Ref.: Expediente No. T- 63127.

Descripción:

Acción de tutela contra el Instituto Colombiano de Bienestar Familiar por quitarle al actor, "debido a su homosexualidad", la custodia de una niña abandonada a quien cuida desde hace cinco años.

Tema:

- La homosexualidad del actor no fue el factor determinante de la decisión del I.C.B.F. y, por lo tanto, no se le violó el derecho a la igualdad.

- Los recursos de la vía gubernativa no impiden el ejercicio de la acción de tutela.

Actor: José Gerardo C.

Magistrado Ponente: Dr. C.G.D..

S. de Bogotá, D.C., julio cinco (5) de mil novecientos noventa y cinco (1995).

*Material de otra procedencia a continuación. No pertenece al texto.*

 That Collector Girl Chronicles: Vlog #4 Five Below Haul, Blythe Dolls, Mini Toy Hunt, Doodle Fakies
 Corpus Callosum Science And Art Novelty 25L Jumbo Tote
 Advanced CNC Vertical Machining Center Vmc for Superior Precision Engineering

La Corte Constitucional, S. Cuarta de Revisión de Tutelas, integrada por los Magistrados J.G.H.G., H.H.V. y C.G.D., este último en calidad de ponente, pronuncia,

EN NOMBRE DEL PUEBLO Y POR MANDATO DE LA CONSTITUCION

la siguiente sentencia en el proceso de tutela número T-63127, interpuesto por J.G.C. contra el Instituto Colombiano de Bienestar Familiar, con base en las razones que se exponen a continuación.

ANTECEDENTES

El ciudadano J.G.C. solicita, a través de la acción de tutela, la protección de su derecho fundamental a la igualdad y del derecho de la menor XX a tener una familia, consagrados en los artículos 13 y 44 de la Carta Política, los cuales considera vulnerados por el Instituto Colombiano de Bienestar Familiar, a raíz de los siguientes

1. HECHOS

En agosto de 1989 el señor G.C. vivía en un inquilinato en donde desempeñaba el cargo de administrador. Allí se hospedaron, durante cuatro noches, un hombre y una mujer que tenían una bebé de menos de un mes de edad. Ellos le pidieron al señor C. el favor de que cuidara por unos días a la niña, pero nunca volvieron para reclamarla y, por el contrario, le manifestaron que podía quedarse con ella pues no querían ni podían criarla.

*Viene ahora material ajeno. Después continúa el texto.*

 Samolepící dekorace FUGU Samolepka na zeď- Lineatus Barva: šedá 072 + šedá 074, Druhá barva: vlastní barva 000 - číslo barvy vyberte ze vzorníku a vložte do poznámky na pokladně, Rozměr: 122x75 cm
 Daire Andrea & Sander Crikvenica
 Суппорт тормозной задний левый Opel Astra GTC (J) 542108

Desde entonces el actor se ocupó del cuidado de la menor con los escasos recursos económicos de que disponía, y teniéndola como su propia hija, hasta que el Instituto Colombiano de Bienestar Familiar consideró inconveniente que él la criara, la declaró en situación de peligro -por las razones que se expondrán más adelante-, y posteriormente la ubicó en un hogar sustituto que cuidará de ella hasta que sea dada en adopción.

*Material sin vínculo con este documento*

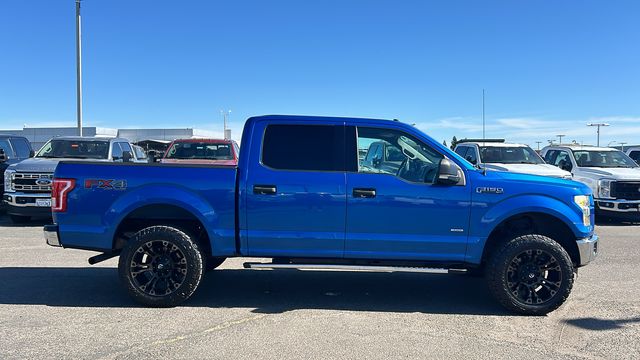Used 2016 Ford F-150 XLT with VIN 1FTEW1EGXGFA14642 for sale in Stockton, CA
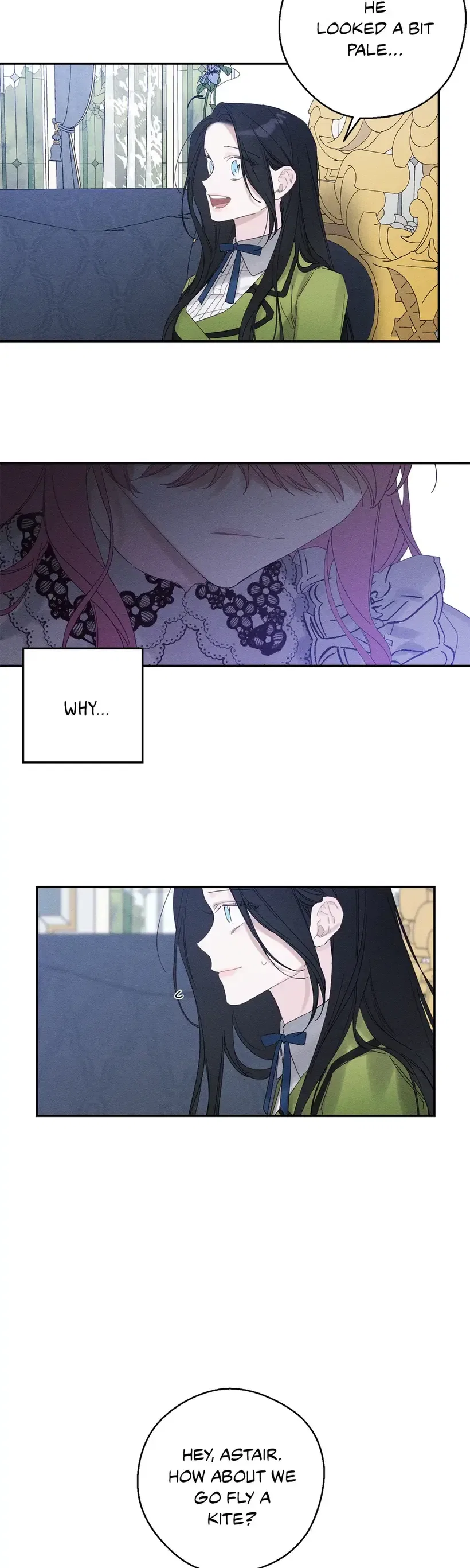 Let’s Hide My Younger Brother First Chapter 50 – Page 27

Del estudio detallado de los diversos testimonios que obran en el expediente surgen aspectos más precisos de lo acontecido, los cuales conviene resumir brevemente:

- En 1991, luego de dos años de cuidar a la menor, el señor C. la inscribió en el registro civil con el nombre de xx y se acercó a las dependencias del Instituto Colombiano de Bienestar familiar a solicitar su adopción. Como consecuencia de esta solicitud se abrió en el Instituto una investigación respecto de la menor y del solicitante, y poco tiempo después se efectuó una visita a la residencia de éstos, con el fin de determinar sus condiciones de vida y la conveniencia de una eventual adopción. Se hizo entonces manifiesto que el medio en el cual vivía la menor era inadecuado para su normal desarrollo y se le recomendó al señor C. buscar un lugar más apropiado para vivir.

En efecto, el señor C., quien se declaró a sí mismo homosexual (característica confirmada por peritos siquiatras a folio 195), vivía con su anciana madre y con la niña en una pequeñísima habitación en la que sólo cabía una cama, y en donde cocinaban sus alimentos con una estufa de petróleo, expuestos al peligro de incendios y a la contínua emisión de vapores insalubres. El estado higiénico, tanto de la alcoba como del resto de la "residencia", era lamentable. Además, la vivienda se encontraba en una zona de tolerancia de la ciudad, caracterizada por la delincuencia y la prostitución de hombres y mujeres, tanto heterosexuales como homosexuales.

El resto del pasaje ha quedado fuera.